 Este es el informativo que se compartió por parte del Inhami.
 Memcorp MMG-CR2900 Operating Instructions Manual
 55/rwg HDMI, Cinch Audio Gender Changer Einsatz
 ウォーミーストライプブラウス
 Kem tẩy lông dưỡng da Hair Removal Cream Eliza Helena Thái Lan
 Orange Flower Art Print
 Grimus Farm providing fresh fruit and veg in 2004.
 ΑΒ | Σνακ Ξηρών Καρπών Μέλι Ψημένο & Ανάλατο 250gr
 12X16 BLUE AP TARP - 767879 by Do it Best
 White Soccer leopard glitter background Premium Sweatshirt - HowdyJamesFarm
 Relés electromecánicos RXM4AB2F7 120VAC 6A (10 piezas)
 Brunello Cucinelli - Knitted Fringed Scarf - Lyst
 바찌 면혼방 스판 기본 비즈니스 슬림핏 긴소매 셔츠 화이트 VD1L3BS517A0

...

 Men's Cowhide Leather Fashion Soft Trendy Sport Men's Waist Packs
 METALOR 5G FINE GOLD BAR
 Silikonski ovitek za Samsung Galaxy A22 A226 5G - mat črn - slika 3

* * *

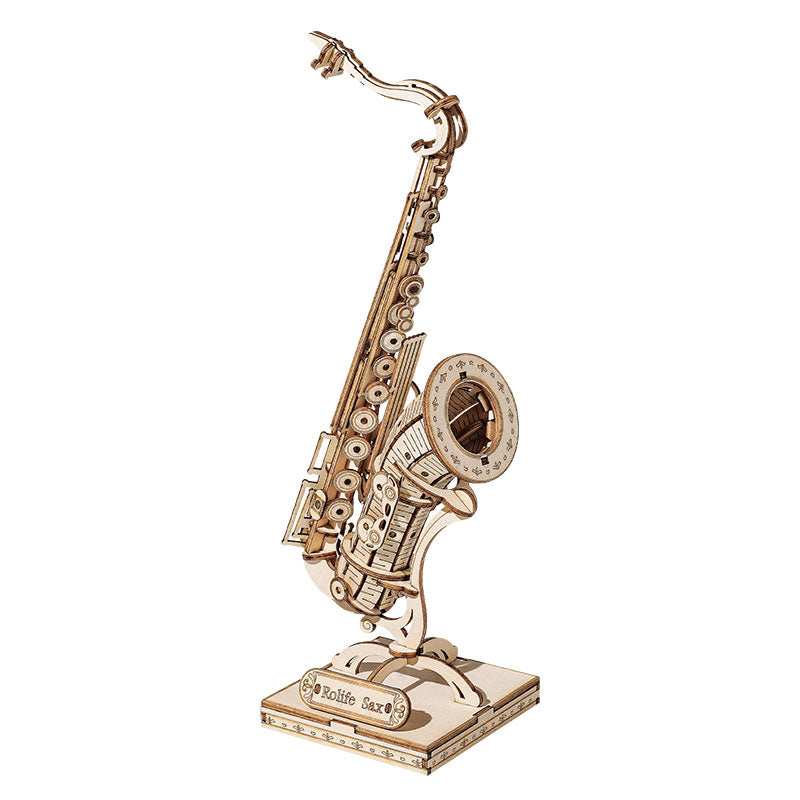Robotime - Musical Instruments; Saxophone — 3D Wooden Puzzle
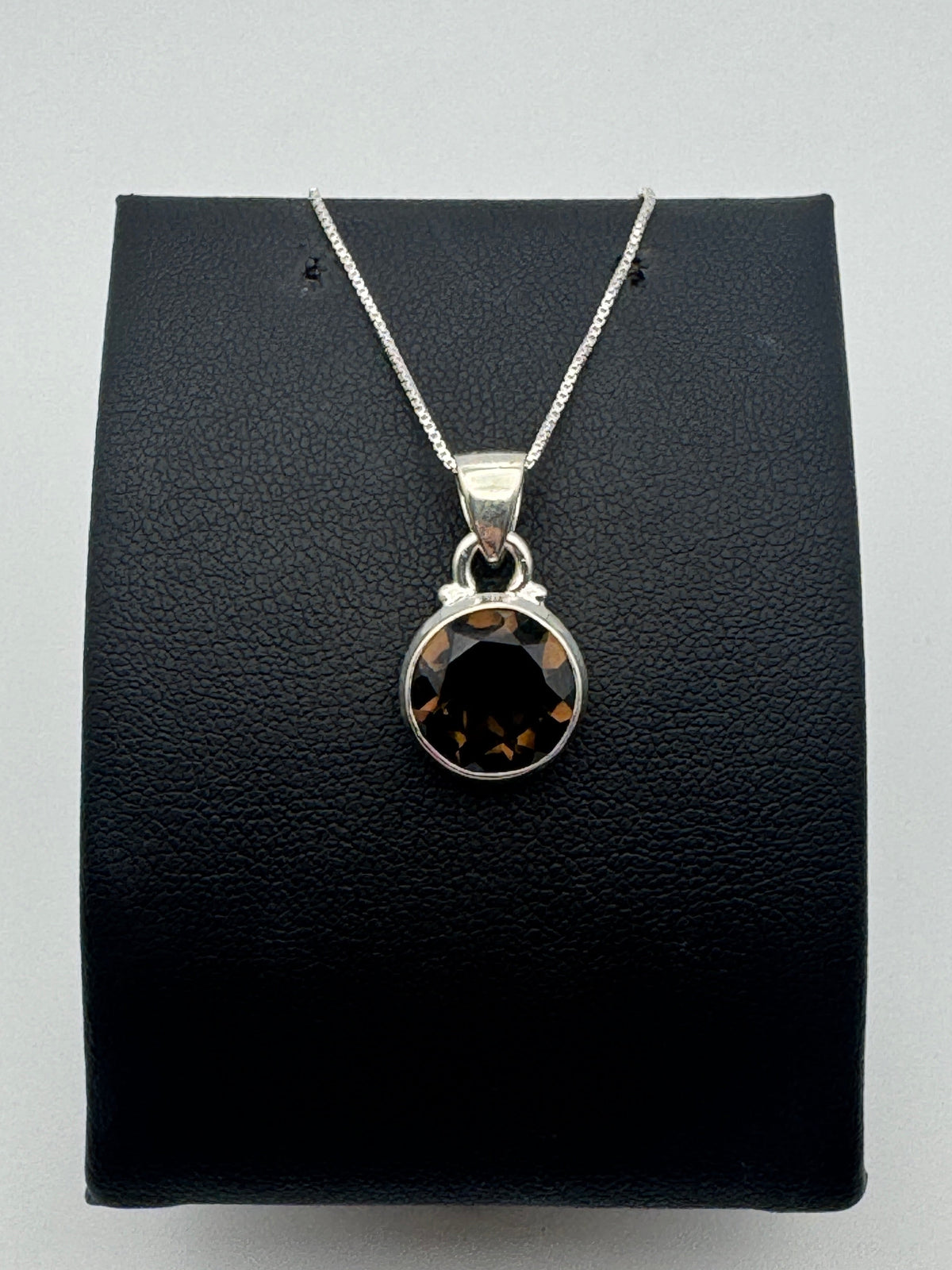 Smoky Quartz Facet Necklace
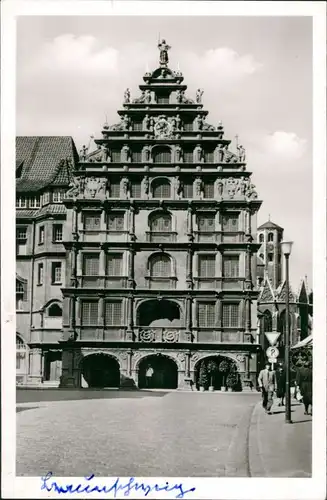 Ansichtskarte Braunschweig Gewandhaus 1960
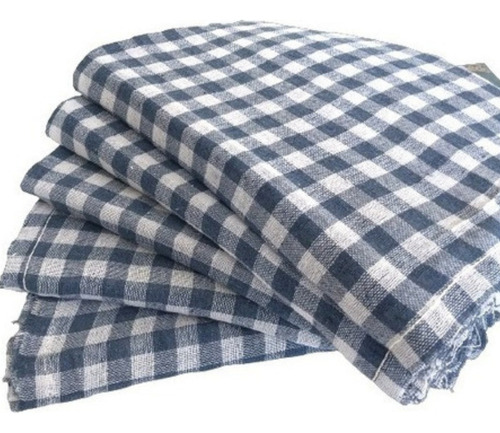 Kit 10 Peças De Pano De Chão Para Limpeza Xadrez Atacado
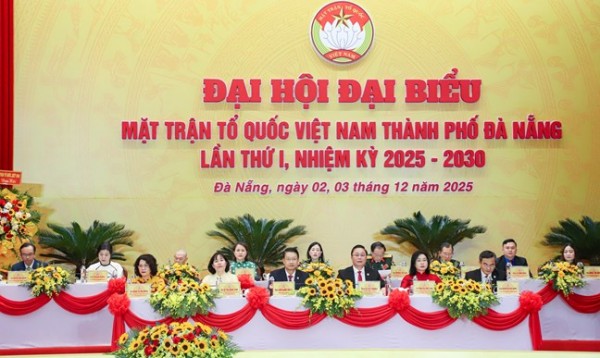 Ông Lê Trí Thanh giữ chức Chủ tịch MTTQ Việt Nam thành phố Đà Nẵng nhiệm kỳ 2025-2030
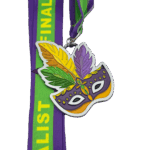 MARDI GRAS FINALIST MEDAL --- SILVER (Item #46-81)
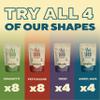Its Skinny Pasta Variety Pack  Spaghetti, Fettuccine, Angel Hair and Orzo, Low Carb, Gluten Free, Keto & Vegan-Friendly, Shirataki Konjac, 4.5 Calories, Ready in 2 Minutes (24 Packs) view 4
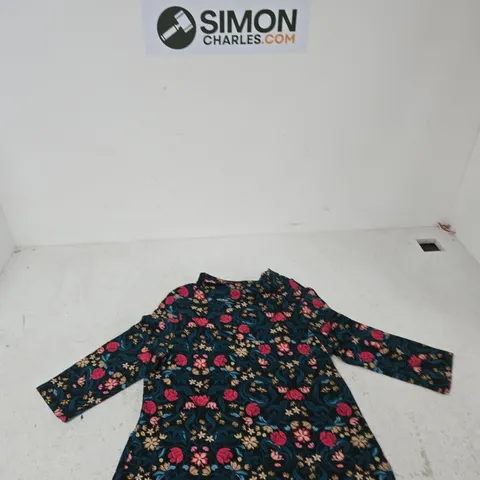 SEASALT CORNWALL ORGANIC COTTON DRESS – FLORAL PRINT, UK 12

#### Problem to work on:
For this exercise, set down the lines in the entries above from the one with "Ansichtskarte Braunschweig Gewandhaus 1960" through the one with "SEASALT CORNWALL ORGANIC" exactly as written, without any pictures.

#### Written answer:
 Ansichtskarte Braunschweig Gewandhaus 1960
 Kit 10 Peças De Pano De Chão Para Limpeza Xadrez Atacado
 Ông Lê Trí Thanh giữ chức Chủ tịch MTTQ Việt Nam thành phố Đà Nẵng nhiệm kỳ 2025-2030
 MARDI GRAS FINALIST MEDAL --- SILVER (Item #46-81)
Its Skinny Pasta Variety Pack  Spaghetti, Fettuccine, Angel Hair and Orzo, Low Carb, Gluten Free, Keto & Vegan-Friendly, Shirataki Konjac, 4.5 Calories, Ready in 2 Minutes (24 Packs) view 4
 SEASALT CORNWALL ORGANIC COTTON DRESS – FLORAL PRINT, UK 12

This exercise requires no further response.